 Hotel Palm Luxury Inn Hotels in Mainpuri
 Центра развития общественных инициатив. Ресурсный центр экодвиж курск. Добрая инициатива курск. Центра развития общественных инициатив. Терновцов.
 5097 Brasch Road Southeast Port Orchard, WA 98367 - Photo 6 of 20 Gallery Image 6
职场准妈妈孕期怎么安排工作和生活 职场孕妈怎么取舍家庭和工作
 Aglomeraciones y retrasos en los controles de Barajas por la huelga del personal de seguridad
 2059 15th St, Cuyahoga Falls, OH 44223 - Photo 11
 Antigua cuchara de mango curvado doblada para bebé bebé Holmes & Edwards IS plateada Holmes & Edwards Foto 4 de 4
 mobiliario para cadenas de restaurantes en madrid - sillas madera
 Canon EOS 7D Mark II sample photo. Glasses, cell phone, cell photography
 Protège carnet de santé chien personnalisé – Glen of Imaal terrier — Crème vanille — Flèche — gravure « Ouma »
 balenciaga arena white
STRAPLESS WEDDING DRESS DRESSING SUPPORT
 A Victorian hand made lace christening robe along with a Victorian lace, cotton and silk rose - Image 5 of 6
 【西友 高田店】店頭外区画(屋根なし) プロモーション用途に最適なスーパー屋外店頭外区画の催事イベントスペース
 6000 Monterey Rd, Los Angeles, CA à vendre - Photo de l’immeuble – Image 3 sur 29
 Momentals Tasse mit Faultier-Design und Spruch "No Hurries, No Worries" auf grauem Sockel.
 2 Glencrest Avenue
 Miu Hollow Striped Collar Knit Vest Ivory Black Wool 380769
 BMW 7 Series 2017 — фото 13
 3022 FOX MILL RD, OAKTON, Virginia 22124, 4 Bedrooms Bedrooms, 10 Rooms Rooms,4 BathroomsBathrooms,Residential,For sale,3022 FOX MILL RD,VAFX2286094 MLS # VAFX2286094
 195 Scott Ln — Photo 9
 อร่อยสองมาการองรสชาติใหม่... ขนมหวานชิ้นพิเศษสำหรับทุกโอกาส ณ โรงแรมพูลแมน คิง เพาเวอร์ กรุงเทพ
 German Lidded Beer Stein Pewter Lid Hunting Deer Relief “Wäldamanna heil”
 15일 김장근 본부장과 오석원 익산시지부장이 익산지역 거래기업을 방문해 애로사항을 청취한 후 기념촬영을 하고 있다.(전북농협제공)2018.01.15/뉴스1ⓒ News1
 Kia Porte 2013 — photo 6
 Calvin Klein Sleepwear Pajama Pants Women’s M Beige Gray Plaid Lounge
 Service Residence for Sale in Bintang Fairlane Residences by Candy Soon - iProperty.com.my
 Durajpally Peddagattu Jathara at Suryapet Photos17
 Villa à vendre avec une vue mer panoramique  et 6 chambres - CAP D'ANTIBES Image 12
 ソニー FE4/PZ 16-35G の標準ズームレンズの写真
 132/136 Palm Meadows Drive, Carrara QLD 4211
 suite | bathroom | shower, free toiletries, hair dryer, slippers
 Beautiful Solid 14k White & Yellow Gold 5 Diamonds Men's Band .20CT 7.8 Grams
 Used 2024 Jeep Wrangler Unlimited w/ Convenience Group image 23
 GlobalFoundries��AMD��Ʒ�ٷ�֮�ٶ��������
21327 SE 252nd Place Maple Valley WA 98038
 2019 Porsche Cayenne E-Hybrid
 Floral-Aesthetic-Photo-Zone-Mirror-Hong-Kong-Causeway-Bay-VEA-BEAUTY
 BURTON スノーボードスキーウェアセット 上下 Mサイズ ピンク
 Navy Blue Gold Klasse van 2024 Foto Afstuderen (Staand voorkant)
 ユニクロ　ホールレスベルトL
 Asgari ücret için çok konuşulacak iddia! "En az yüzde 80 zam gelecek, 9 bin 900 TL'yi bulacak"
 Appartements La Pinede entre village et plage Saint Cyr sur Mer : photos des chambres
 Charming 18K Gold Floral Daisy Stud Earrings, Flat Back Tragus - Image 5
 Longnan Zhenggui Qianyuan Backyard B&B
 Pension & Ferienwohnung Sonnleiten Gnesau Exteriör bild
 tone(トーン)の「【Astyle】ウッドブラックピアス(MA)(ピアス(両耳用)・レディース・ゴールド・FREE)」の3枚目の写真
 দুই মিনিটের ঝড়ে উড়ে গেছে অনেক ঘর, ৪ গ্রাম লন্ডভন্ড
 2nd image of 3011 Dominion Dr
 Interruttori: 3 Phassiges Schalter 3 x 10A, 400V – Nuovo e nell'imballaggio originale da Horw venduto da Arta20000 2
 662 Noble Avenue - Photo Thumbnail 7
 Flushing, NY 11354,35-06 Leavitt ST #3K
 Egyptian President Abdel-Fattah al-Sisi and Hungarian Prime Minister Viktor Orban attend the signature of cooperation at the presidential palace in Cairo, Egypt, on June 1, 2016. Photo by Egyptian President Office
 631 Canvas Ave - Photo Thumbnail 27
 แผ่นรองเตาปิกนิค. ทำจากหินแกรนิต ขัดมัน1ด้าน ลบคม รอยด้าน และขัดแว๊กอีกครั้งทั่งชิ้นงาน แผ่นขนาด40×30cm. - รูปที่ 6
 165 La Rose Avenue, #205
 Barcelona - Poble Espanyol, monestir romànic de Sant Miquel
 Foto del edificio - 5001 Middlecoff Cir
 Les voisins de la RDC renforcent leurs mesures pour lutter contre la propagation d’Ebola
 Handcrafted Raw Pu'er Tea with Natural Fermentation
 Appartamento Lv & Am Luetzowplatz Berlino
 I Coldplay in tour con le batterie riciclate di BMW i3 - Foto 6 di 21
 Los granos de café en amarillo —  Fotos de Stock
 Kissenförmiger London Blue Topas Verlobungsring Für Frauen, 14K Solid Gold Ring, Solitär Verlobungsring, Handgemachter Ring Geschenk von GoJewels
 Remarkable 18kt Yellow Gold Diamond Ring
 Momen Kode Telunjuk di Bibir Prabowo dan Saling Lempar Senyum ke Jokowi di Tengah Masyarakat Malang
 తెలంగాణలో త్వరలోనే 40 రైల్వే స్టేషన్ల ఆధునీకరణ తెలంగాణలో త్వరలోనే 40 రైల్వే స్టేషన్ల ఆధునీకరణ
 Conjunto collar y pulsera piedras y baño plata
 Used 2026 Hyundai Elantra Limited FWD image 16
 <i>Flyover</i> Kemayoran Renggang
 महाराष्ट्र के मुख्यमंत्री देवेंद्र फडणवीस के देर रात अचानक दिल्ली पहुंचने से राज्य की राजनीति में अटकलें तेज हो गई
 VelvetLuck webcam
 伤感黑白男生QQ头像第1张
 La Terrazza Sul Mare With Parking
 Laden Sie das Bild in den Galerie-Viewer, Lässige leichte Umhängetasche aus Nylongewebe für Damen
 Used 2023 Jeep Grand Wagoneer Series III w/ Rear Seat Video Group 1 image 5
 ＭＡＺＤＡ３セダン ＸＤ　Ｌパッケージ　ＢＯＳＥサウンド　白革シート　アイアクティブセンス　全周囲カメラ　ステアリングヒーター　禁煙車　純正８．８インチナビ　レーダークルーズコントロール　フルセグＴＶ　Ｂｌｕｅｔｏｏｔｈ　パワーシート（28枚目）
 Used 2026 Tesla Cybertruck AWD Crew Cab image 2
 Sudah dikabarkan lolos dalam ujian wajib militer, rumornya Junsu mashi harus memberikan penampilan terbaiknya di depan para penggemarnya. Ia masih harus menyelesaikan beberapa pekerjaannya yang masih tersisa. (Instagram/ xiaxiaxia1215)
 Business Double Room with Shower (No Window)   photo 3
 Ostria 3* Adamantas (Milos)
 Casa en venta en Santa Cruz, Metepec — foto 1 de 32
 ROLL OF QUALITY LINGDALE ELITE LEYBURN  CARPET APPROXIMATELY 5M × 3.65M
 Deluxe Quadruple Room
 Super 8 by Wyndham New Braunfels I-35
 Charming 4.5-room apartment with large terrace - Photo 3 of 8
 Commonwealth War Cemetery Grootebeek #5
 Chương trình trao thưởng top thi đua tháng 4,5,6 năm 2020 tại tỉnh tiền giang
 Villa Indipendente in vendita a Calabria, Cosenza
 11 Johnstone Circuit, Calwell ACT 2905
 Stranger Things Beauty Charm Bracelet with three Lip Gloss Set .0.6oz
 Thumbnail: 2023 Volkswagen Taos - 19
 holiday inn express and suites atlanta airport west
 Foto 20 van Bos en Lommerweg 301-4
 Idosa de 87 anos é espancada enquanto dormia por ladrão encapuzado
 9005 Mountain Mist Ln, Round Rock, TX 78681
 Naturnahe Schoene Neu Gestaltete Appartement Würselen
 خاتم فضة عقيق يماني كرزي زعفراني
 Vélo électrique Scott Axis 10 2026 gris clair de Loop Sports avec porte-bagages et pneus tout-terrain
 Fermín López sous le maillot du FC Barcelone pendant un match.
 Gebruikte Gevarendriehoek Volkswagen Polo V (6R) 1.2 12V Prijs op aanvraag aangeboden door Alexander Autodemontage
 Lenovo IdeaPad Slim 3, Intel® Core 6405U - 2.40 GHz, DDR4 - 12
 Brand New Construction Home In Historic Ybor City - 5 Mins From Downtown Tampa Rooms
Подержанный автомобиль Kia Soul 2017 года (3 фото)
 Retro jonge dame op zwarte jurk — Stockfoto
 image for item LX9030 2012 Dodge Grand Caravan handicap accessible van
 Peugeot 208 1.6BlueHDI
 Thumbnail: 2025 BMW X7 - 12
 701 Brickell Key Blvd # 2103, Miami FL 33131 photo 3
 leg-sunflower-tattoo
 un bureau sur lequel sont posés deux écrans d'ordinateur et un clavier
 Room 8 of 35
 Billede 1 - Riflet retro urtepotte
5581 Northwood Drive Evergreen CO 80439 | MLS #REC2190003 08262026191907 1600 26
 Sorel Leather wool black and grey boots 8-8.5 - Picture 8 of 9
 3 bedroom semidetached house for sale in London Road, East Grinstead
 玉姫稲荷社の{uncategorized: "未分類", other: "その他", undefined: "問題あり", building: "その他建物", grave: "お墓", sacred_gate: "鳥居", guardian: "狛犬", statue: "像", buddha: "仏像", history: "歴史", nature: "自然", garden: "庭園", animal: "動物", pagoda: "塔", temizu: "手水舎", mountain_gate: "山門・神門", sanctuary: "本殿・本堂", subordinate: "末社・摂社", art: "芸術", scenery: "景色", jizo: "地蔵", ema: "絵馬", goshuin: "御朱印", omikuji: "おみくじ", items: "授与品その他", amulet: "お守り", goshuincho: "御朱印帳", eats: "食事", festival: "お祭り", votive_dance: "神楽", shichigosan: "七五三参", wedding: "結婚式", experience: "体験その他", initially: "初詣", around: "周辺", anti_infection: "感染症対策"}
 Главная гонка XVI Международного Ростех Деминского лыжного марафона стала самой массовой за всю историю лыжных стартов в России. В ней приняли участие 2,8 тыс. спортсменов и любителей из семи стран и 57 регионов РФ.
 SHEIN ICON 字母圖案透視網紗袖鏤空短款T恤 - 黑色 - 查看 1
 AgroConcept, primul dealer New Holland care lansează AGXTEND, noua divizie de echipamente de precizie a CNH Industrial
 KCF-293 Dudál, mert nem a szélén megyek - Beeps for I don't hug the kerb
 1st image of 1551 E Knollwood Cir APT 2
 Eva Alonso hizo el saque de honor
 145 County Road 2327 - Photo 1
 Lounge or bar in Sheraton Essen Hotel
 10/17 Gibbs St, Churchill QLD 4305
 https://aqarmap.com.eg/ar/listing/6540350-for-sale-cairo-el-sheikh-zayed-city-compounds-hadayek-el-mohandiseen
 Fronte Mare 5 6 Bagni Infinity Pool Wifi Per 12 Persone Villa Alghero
•••••
### PROBLEM REQUIREMENTS
Every line in the entries that contains the word "Rooms" should be counted, and the total stated alone.

### PROBLEM SOLUTION
2